**EXERCISE OBJECTIVE**
Where a picture appears, skip it and copy everything else in the listing exactly.

**SUPPLIED INFORMATION**
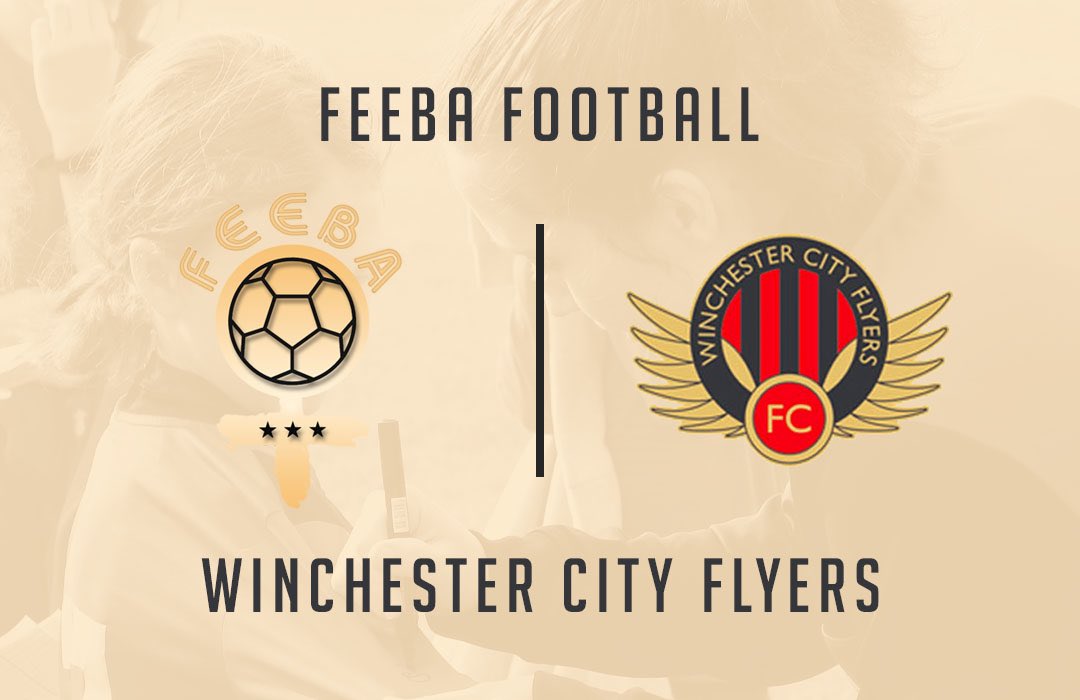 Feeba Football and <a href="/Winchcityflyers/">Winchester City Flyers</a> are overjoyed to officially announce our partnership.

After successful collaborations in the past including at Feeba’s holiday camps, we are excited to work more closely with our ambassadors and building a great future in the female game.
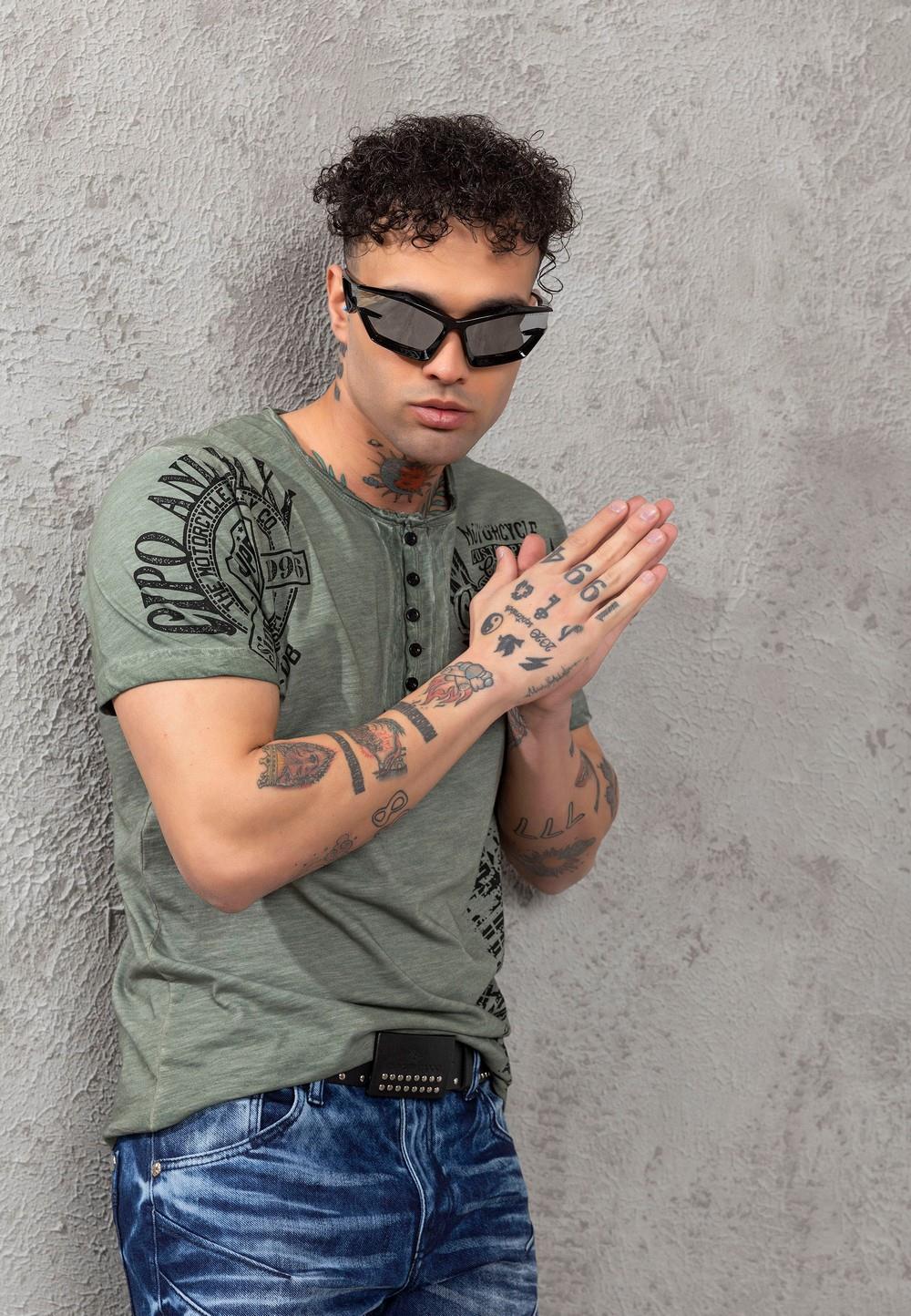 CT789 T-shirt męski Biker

**EXERCISE ANSWER**
 Feeba Football and <a href="/Winchcityflyers/">Winchester City Flyers</a> are overjoyed to officially announce our partnership.

After successful collaborations in the past including at Feeba’s holiday camps, we are excited to work more closely with our ambassadors and building a great future in the female game.
 CT789 T-shirt męski Biker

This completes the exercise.